Benefits Of Establishing A Charitable Trust Fund
By establishing a charitable trust, citizens of the United States are in a position where they can reduce their constitutional obligation to pay estate taxes almost entirely, and leave their estate intact to be passed on to which they see fit, and not the US government. This relatively recent breakthrough precludes the need to pay capital gains tax on property or assets disposed of as well as reducing the need to pay income tax on the same asset disposal, as long as the trust is established during the same financial year.
The Inland Revenue demand that the capital or assets included in the charitable trust be funneled into charities and/or foundations that are recognized by them, irrespective if they are situated in the United States or anywhere else in the World.
The establishment of a charitable trust provides a double sided benefit for its founders. They can enjoy both the prestige and satisfaction of seeing the money that they have worked hard for and taxed their ingenuity to protect go towards a charity or foundation that they care strongly about and where they can see and feel the direct result of their generosity. There are thousands of these charitable trusts being established every month. Some of them are surprisingly small and some of them are very large. Probably the largest charitable trust ever to be established is that founded by the founder of Microsoft, Bill Gates and joined by the legendary Warren Buffett, which today has a joint asset value running into the tens of billions of dollars. The extent of such a trust extends all borders and reaches out to the weak and hungry in every corner of the globe.

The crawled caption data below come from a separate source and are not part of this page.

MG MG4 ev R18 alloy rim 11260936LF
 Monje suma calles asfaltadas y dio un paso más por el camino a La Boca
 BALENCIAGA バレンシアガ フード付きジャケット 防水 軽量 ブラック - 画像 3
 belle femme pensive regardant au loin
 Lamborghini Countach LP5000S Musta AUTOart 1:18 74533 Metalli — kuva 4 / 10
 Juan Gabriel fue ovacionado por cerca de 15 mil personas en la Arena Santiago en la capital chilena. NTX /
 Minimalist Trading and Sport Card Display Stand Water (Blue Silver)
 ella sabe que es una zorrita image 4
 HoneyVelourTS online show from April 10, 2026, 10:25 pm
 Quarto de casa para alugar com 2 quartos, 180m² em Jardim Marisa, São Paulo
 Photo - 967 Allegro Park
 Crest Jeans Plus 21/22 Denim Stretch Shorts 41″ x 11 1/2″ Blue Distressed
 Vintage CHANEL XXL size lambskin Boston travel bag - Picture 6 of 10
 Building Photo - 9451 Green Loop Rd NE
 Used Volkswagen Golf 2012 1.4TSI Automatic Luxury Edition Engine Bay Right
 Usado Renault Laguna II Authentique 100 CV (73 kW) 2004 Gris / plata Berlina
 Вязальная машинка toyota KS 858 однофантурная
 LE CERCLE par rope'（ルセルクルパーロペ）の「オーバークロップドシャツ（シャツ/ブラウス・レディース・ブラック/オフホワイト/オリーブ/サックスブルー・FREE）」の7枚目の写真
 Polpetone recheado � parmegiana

What these highly talented and successful people realized and Buffett once said, is that you can only eat three meals a day, drive one car at a time and if you left your loved ones well provided for, then there was not a lot more that you could do with the money. With these two gentlemen with a combined fortune of around ninety billion dollars there was a lot of money left over, and a lot of good that could be done with it. They fully realized that once the money was invested in the trust it became a property of it and could never be refunded. The fund is run by a trustee, who is usually a bank official or a lawyer. Dependant on the size of the fund, a full time trustee will be appointed. This trustee enjoys full responsibility in distributing the funds in the trust, at the bequest of the donators. The good people who have established the trust cannot be actively involved in the distribution of its assets through US court legislation.
Dependant on the size of the charitable trust and the needs of the people who established it, the trustee can pay a small tax paid stipend from the trust. However the founder of the trust has to ensure that this fact is written clearly in the trust declaration before or during the trust’s establishment.
In most cases, the charitable trust fund is established and funded form sales of property which carry a fairly heavy capital gains tax or stocks and shares. If the person or persons selling off these assets place all income from asset disposal in their charitable trust, within a financial year then they will be liable to pay capital gains tax on the sale or sales of their assets. Once a charitable trust has been established, the founder can continue to increase its asset value. However they will not be allowed to remove any of the assets from the trust without being liable for fairly considerable tax levies.
Sensible planning of a charitable trust means that the founders can take care of themselves in a reasonable manner through drawing a stipend from the trust in their retirement years, as well as helping people less fortunate than themselves. The same wise and prudent people may well establish a living trust also, which will provide for their loved ones after they passed, as individuals cannot be benefactors of a charitable trust.